Start of EXERCISE MATERIAL

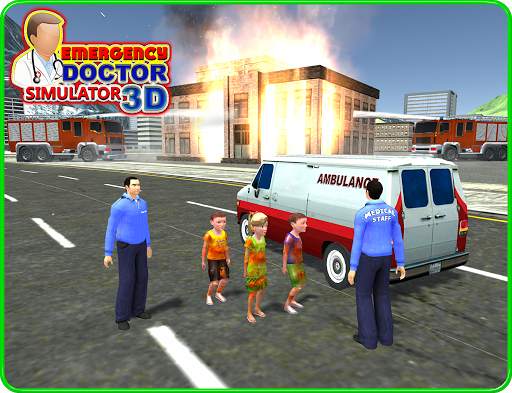 Emergency Doctor Simulator 3D screenshot 14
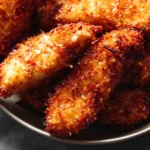 Crispy Coconut Chicken Tenders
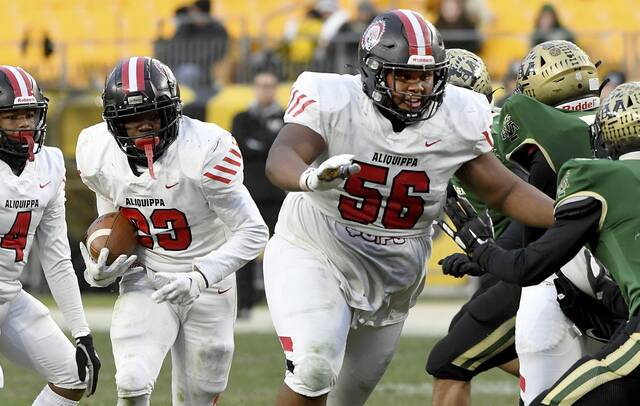 WPIAL lands 14 on 4A all-state team; Aliquippa’s Tiqwai Hayes, Mike Warfield earn top honors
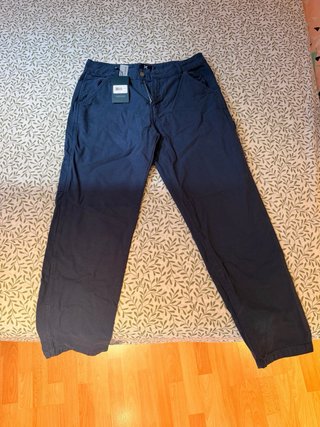 Pantalón cargo Blue Banana azul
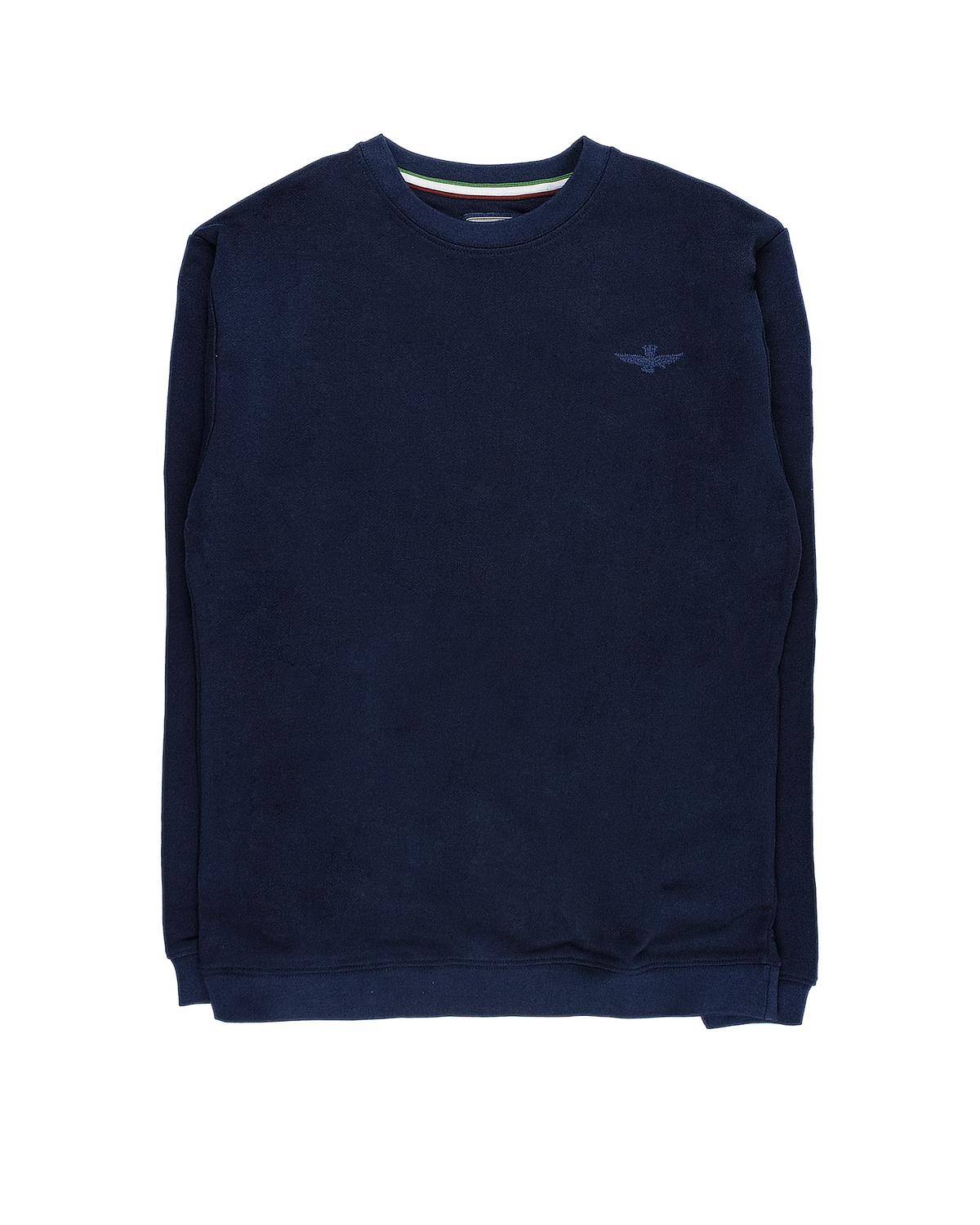 FELPA AERONAUTICA MILITARE 252FE0065A BLU-0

End of EXERCISE MATERIAL

WHAT YOU NEED TO DO: Pictures do not belong in the copy. Output all of the records exactly.

ANSWER TO THIS TASK:
 Emergency Doctor Simulator 3D screenshot 14
 Crispy Coconut Chicken Tenders
 WPIAL lands 14 on 4A all-state team; Aliquippa’s Tiqwai Hayes, Mike Warfield earn top honors
 Pantalón cargo Blue Banana azul
 FELPA AERONAUTICA MILITARE 252FE0065A BLU-0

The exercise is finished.